Leave me your coments.
BirdsandStars
I don't usually wake up very early on Sundays, let alone after I went to bed late last night. I'm more of a morning sleeper kind of person. But today, I don't know why, I wake up early, despite the time I went to bed. Although I don't know if 8:30 am is considered early. After I go to the bathroom, I put on some clothes that are a little more decent than the ones I've been wearing since last night. I know my roommate must be sleeping, and he's supposedly gay. According to Kate. But I don't think he likes seeing someone, barely dressed in the middle of the kitchen. Even though he's seen me like this last night and hadn't commented on it. Maybe he didn't say anything to keep me from feeling worse.
In short, last night I didn't care, today I do.
So, I go out to the kitchen. As I expected, there's no sign of my roommate anywhere.
Luckily.
I go over to the fridge to get some breakfast. And I find another blue note stuck to the door.
No problem.
Christian
His message is very brief. I open the fridge, get some eggs, milk, butter and juice. And then I open the pantry in search of flour.
Perfect.
I have everything I need.
I look for a bowl, and I start mixing the ingredients. I open the fridge one more time and find strawberry jam and on one shelf a bottle of maple syrup. I take them out and put them on the counter. I smile as I put the mixture I have prepared into the waffle iron. I set the table for breakfast and then a question comes up.
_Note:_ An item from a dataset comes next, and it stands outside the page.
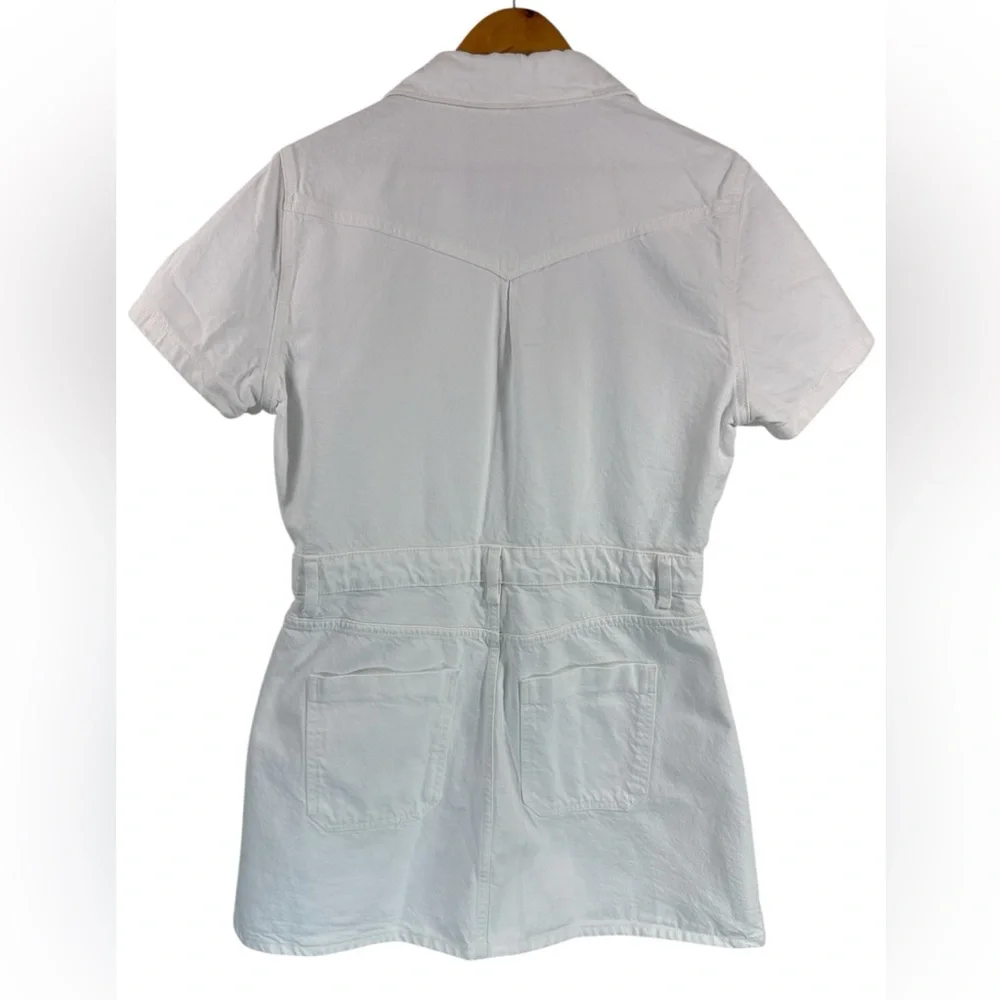 NWT ZARA WHITE DENIM MINI DRESS Size XL - Picture 4 of 9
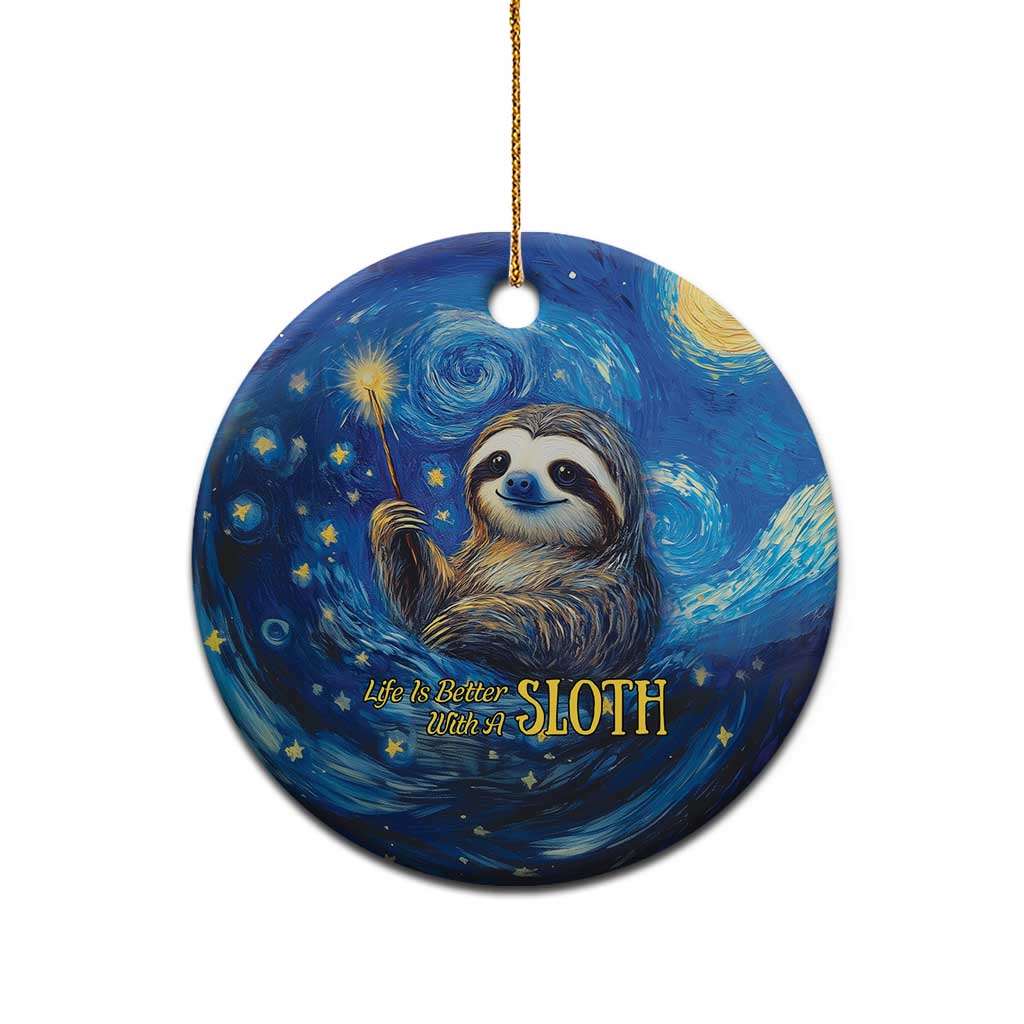 Sloth Life Is The Best Life Ceramic Ornament with Starry Night Sky LT9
Should I call him for breakfast? I know he brought me in last night before he finished his work, but... What time does he usually come back? What if I knock on his door and he bothers to wake him up?
Shit!
I ran out to my room looking for the phone. I dial Kate's number as I'm walking back to the kitchen. I know she's going to scold me for waking her up so early. And for what happened last night.
—I hope it's life or death. —she says to me in a sleepy voice.
—Please don't be mad at me, not you too. —I say to her in a low voice.
—Is Christian mad at you?
—Yes. Because of what happened last night.
—I'm surprised, I didn't see him angry last night, besides, Ana, it wasn't your fault what that idiot did. —that's exactly what he told me.
—I know, but I shouldn't have trusted a stranger.
—That's what happens when you've been away from men for so long. —she says to me as I feel her laugh.
—Are you making fun of me? —I ask her, stopping in the middle of the room.
—No, not at all, I don't want you to take your anger out on me.
I start laughing and then I remember why I called her in the first place and all the questions come rushing to my lips without being able to stop them.
—Do I knock on the door to get him to go out for breakfast or do I wait for him to get up? What time does he usually get home from work? What if he get upset for wake him up?
—Ana! —she shouts at me from the other side and I decide to keep my mouth shut. —He wakes up alone, don't worry, all the other concerns you can ask him. —she says to me as I feel a door open and a few steps behind me.
—You know what, forget it. —I tell her as I hang up and resume my walk to the kitchen without looking back.
I take out the waffles that are ready and place them on a plate on the counter. I place another plate for him. I put the strawberry jam jar, and the maple syrup bottle next to the waffles. I find and place the silverware and then I start pouring orange juice into a glass.
—Good morning. —the tone of his voice takes me by surprise.
This time his voice doesn't sound tired or sleepy or angry. It sounds rather, sexy. Not sexy. He sounds confident.
—Good morning. —I answer him quietly without even looking at him.
—Just one. —he says to me as I put the juice aside.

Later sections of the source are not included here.